Short descriptive text snippets
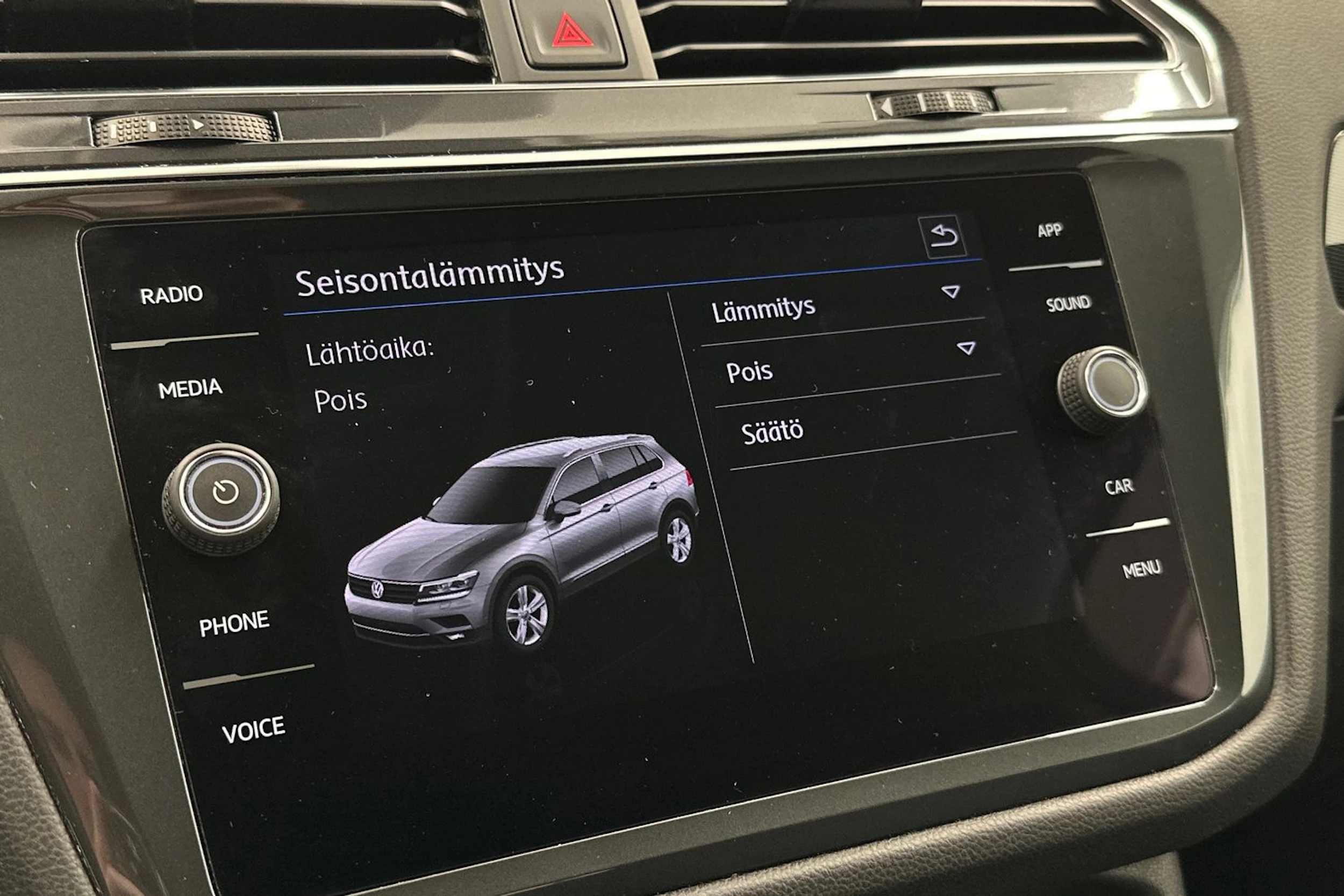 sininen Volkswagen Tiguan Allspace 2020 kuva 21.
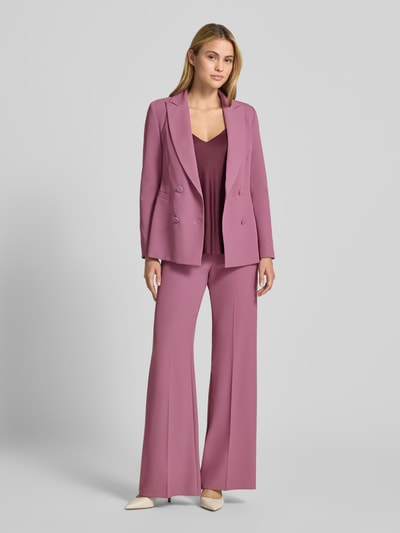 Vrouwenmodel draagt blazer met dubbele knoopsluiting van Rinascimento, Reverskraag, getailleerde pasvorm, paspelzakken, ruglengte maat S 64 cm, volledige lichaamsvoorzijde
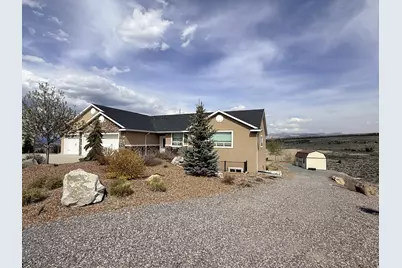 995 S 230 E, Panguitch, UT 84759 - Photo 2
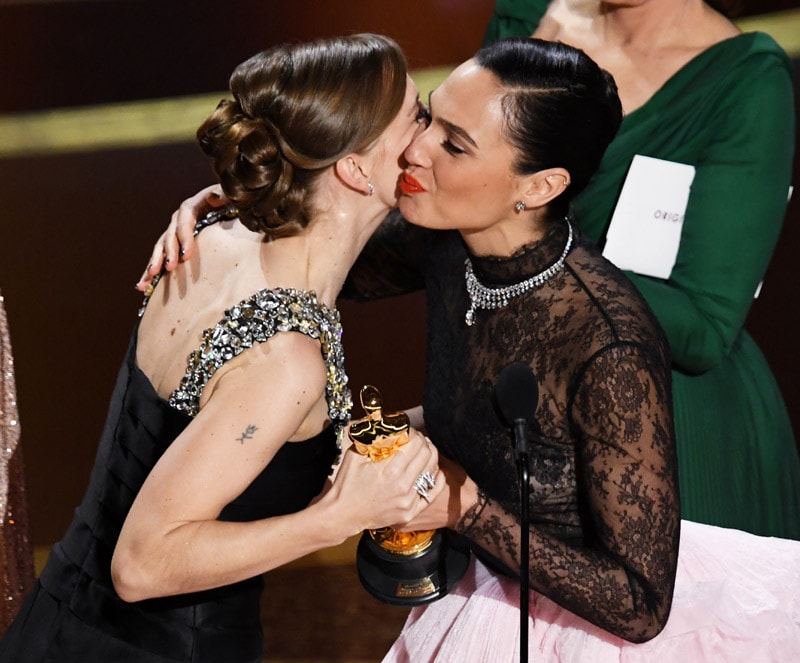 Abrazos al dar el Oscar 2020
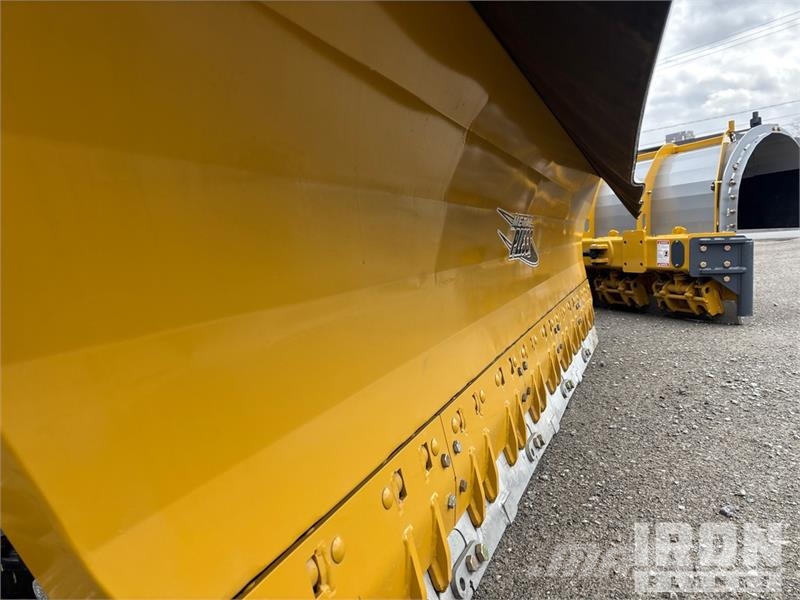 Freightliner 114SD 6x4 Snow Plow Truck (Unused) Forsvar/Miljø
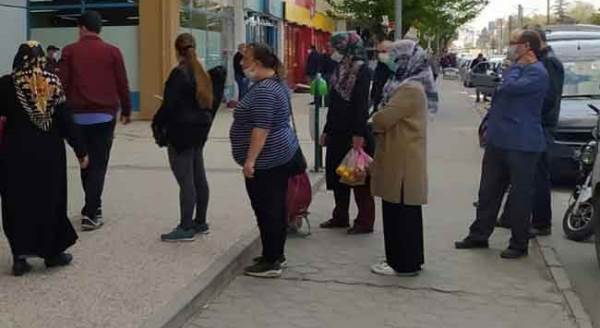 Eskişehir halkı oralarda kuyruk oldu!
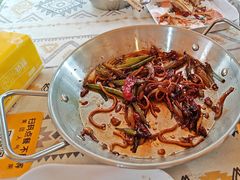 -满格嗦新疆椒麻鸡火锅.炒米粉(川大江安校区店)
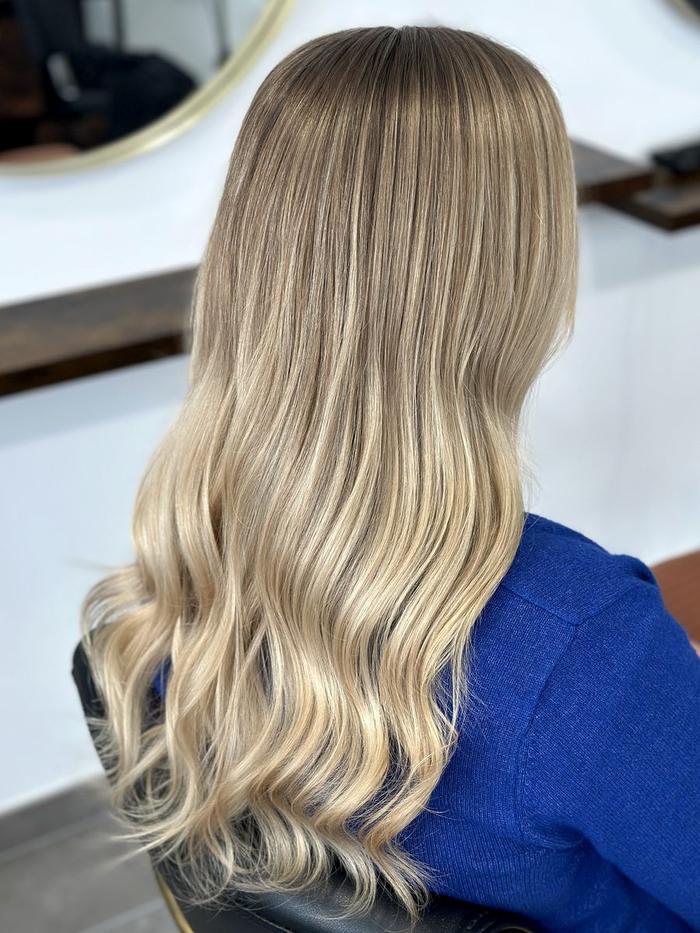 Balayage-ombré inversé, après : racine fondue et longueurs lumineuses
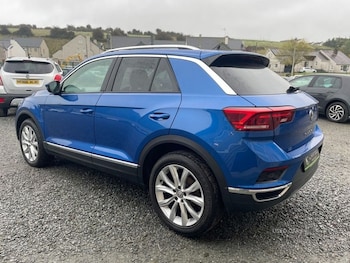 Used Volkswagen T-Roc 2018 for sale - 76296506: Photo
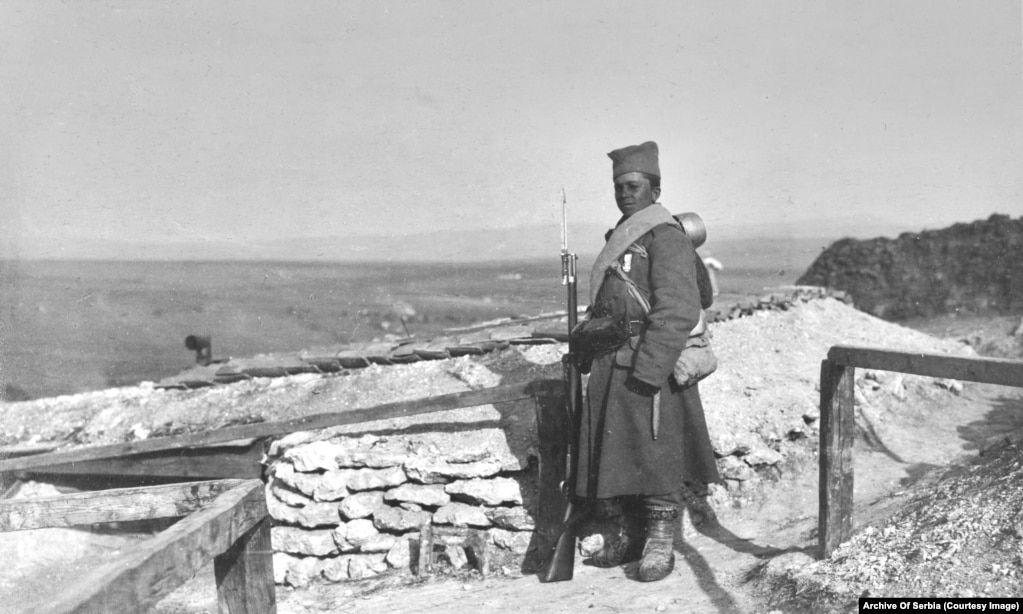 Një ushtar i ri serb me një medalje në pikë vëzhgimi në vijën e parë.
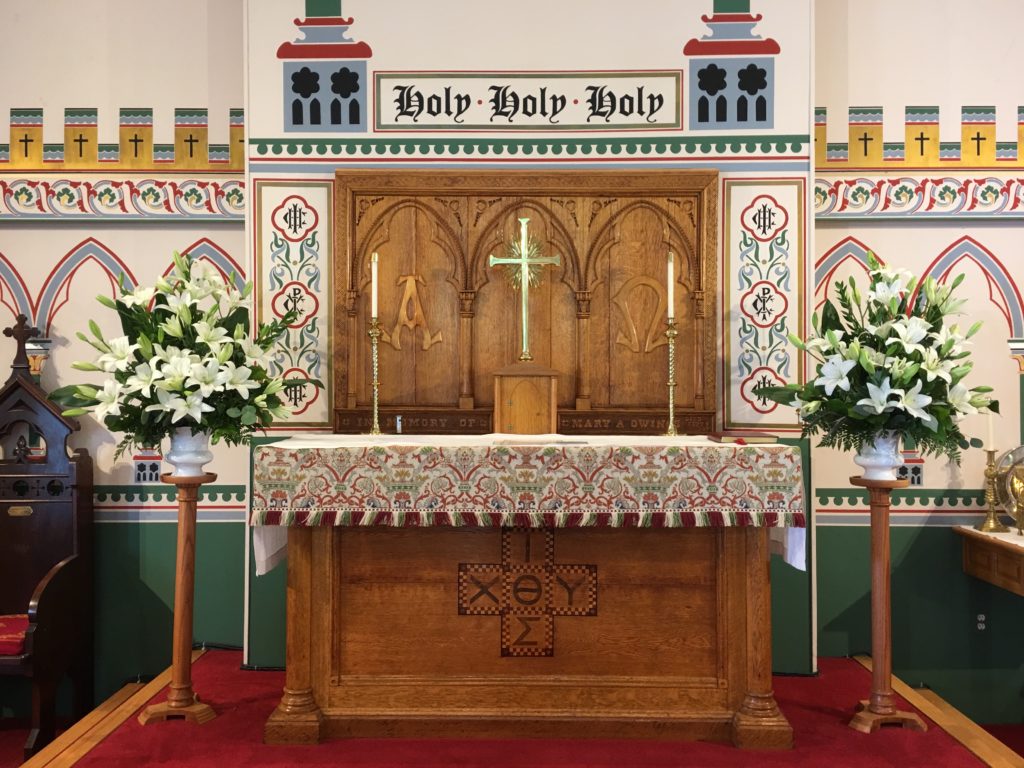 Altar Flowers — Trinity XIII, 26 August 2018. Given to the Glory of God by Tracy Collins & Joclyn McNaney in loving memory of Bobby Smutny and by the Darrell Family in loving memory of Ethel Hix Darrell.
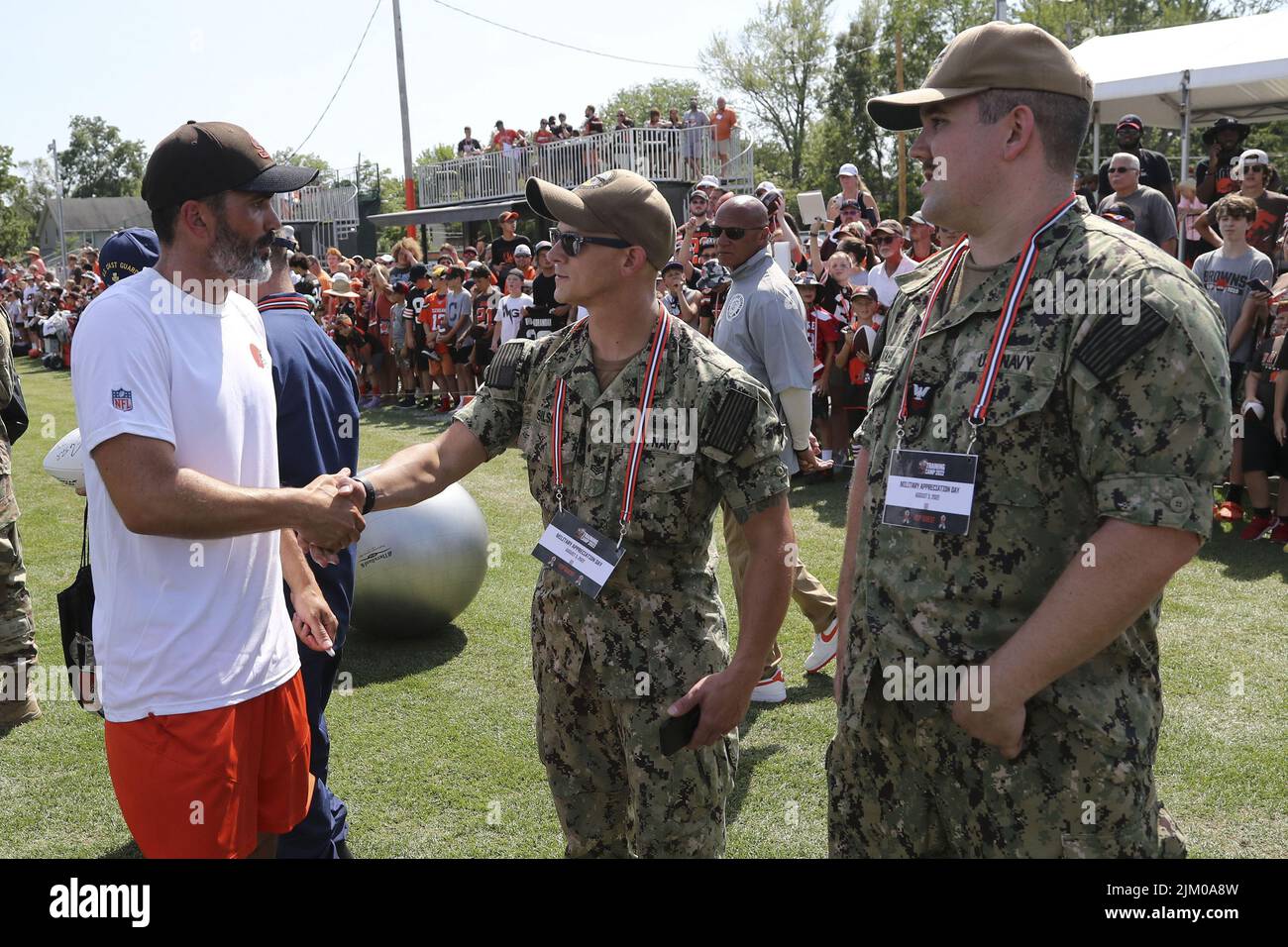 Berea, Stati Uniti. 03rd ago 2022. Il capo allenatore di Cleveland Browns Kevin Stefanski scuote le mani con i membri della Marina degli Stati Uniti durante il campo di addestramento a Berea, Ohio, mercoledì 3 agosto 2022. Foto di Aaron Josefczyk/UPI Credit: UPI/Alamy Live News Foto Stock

:: Your objective ::
Take the lines from the first line of the entries through the line with "-满格嗦新疆椒麻鸡火锅.炒米粉(川大江安校区店)", inclusive, and give them again exactly, minus any pictures.

:: Answer section ::
 sininen Volkswagen Tiguan Allspace 2020 kuva 21.
 Vrouwenmodel draagt blazer met dubbele knoopsluiting van Rinascimento, Reverskraag, getailleerde pasvorm, paspelzakken, ruglengte maat S 64 cm, volledige lichaamsvoorzijde
 995 S 230 E, Panguitch, UT 84759 - Photo 2
 Abrazos al dar el Oscar 2020
 Freightliner 114SD 6x4 Snow Plow Truck (Unused) Forsvar/Miljø
 Eskişehir halkı oralarda kuyruk oldu!
 -满格嗦新疆椒麻鸡火锅.炒米粉(川大江安校区店)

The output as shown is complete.